• **WHAT YOU WILL DO**
The output is the lines below from the one with "Now, we need" through the one with "You can move", both included, printed exactly and with no other line.

• **MATERIAL PROVIDED**
########################################
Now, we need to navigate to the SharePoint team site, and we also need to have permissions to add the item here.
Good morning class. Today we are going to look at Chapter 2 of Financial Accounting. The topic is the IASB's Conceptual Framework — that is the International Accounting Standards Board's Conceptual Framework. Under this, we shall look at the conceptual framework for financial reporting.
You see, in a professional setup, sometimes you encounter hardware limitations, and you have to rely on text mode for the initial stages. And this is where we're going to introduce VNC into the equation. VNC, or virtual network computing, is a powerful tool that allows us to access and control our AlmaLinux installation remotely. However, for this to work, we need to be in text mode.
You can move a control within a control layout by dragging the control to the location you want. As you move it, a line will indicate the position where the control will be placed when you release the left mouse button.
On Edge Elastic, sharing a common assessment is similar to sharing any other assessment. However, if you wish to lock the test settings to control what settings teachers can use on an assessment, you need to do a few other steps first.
########################################
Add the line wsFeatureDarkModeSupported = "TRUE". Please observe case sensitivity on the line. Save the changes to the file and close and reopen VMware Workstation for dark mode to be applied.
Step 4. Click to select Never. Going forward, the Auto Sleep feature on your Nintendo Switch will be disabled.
########################################
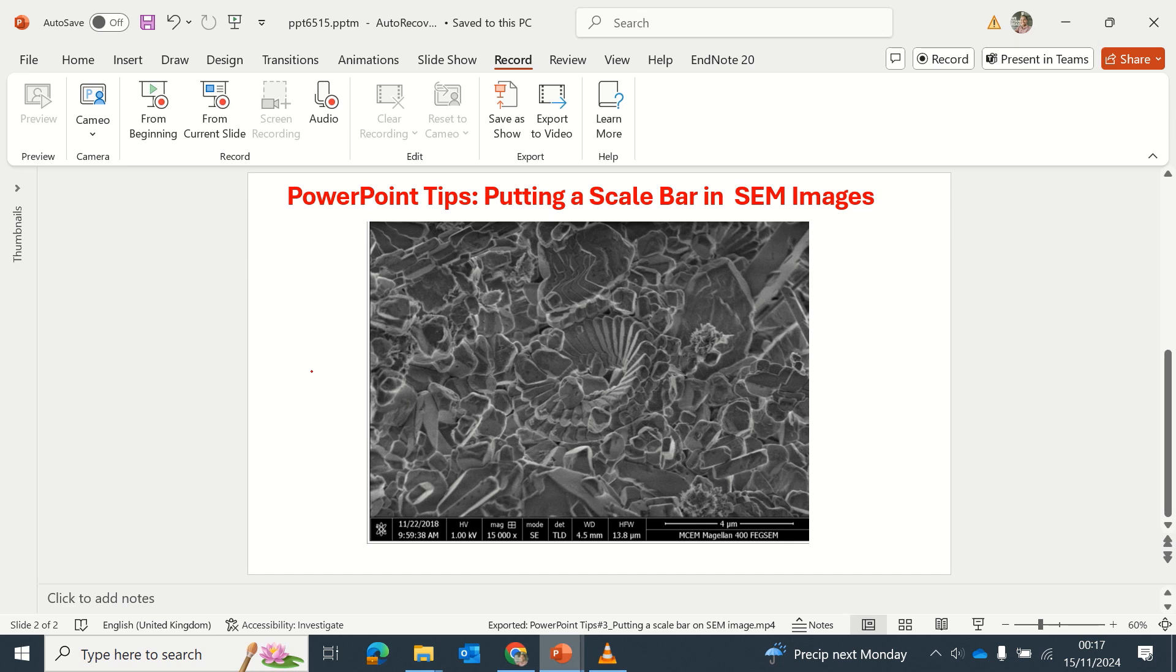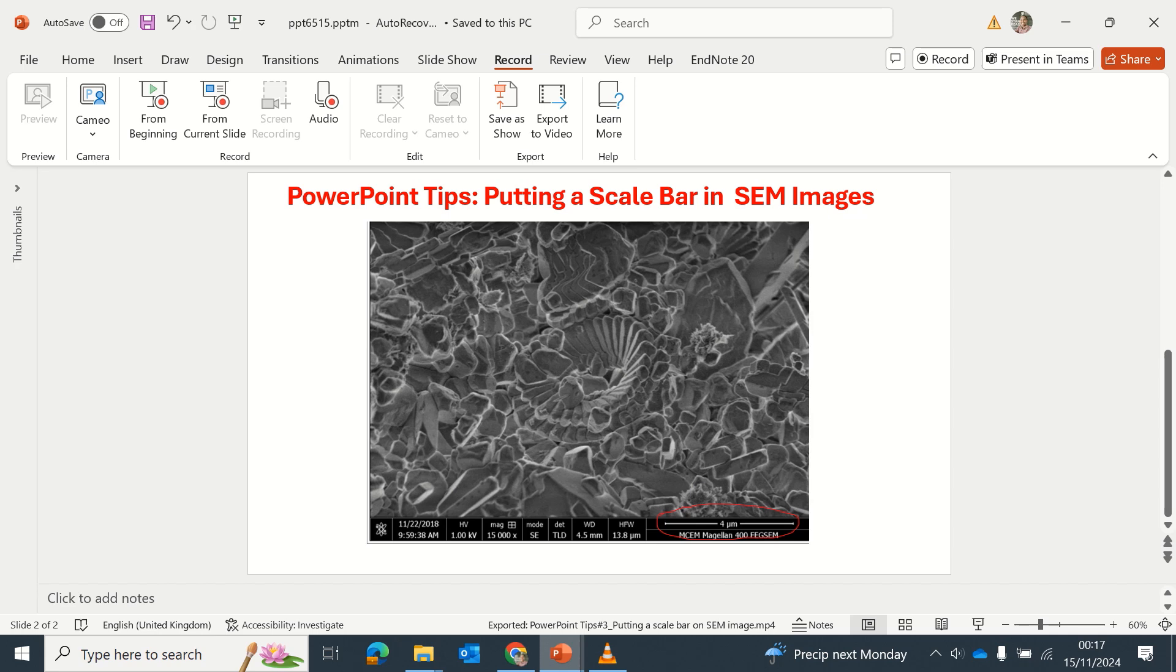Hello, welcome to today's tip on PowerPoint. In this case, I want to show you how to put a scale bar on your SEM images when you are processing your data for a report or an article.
########################################
• **SOLUTION TO THIS EXERCISE**
Now, we need to navigate to the SharePoint team site, and we also need to have permissions to add the item here.
Good morning class. Today we are going to look at Chapter 2 of Financial Accounting. The topic is the IASB's Conceptual Framework — that is the International Accounting Standards Board's Conceptual Framework. Under this, we shall look at the conceptual framework for financial reporting.
You see, in a professional setup, sometimes you encounter hardware limitations, and you have to rely on text mode for the initial stages. And this is where we're going to introduce VNC into the equation. VNC, or virtual network computing, is a powerful tool that allows us to access and control our AlmaLinux installation remotely. However, for this to work, we need to be in text mode.
You can move a control within a control layout by dragging the control to the location you want. As you move it, a line will indicate the position where the control will be placed when you release the left mouse button.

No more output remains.